Merak ediyorum Kir yerine neden İz kullanmadın. Anlaşılan Kir’den kurtulmak mümkün değil ma kelime olarak temizlenebilir bir yapısı var ancak iz içindeki hesaplaşmayı daha güçlendirebilirdi diye düşündüm. Ne dersin?
Eline ve düşgücüne sağlık
Sevgiler
Dipsiz

1 Beğeni

Sevgili @Dipsiz değerli yorumun için çok teşekkür ederim:)
Öncelikle “bir sürü acayip ip” gibi ayrıntılamaya müsait kelime gruplarının detayına diğer yazılarımda daha çok yer vermeliyim sanırım. Bu konuda hemfikir olduğumuzu biliyorum.
Diğer bir konu psikojik yalnızlığın fiziksel yalnızlığa dönüşmesi. Bu konuda çok güzel bir tespit yaptığını düşünüyorum. Soleda’nın Bay Moliere’e güvenmesinin pişmanlığını yaşamasının sebebi de bu aslında. Fiziksel yalnızlığını elinden alan Bay Moliere için psikolojik yalnızlık tuğlalı mağarasını yıkmak…
Neden ‘iz’ değil ‘kir’? Aslında öznelliğe çok müsait gibi duran bir yapısı var kelimenin ama benim hissettiğim ve aktarmak istediğim kötülüğü düşünceden eyleme geçirdikten kişiye hissettirdiği manevi kirlilik duygusuydu. İz herhangi duygusal bir şeye ait bir şey olabilirdi gözümde ama kir iyiliğin temsil ettiği temizlik duygusuna ve belirtilerine tamamen zıt gibi geldi sanırım.
Fikirlerin için tekrar teşekkür ederim.
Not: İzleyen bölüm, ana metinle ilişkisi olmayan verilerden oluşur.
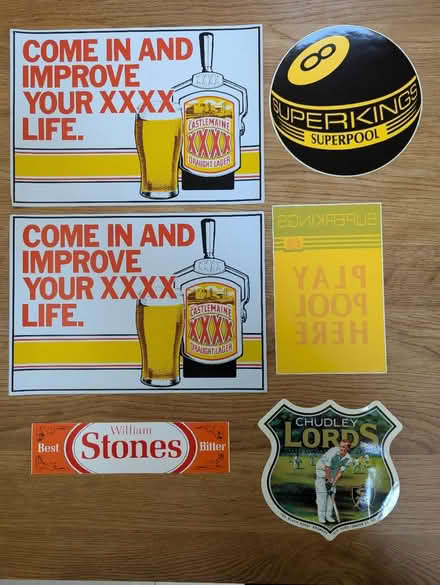 Photo of free Pub Related Stickers (West Wickham, BR4) #1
Diğer seçkilerde görüşmek üzere:)

1 Beğeni

Tutunamayanlar’dan sonra, mağara metaforu ve insanın yalnızlığı hakkında okuduğum en güzel satırlar buradaydı. İyiliği, kötülüğü, ötekileştirilmeyi ve yalnızlığı sorgulayan bu derin ve içsel öykü için teşekkür ediyorum ve etkilendiğim alıntıları bırakıyorum:

“Taş devrindelerdi hâlâ. İnsanların kalplerinin taştan farksız olduğu devirler yani.”

“Ne zaman hayatının en erdemli anının, sadece o dakikayı yaşamak ve geleceğe dair hesap yapmadan yalnızca iyi olma çabası üzerine kurulu olduğunu unutur?” (Bu cümle, uzun zamandır geleceği hesaplamaktan erdemli olmayı unuttuğumu bana hatırlattı.)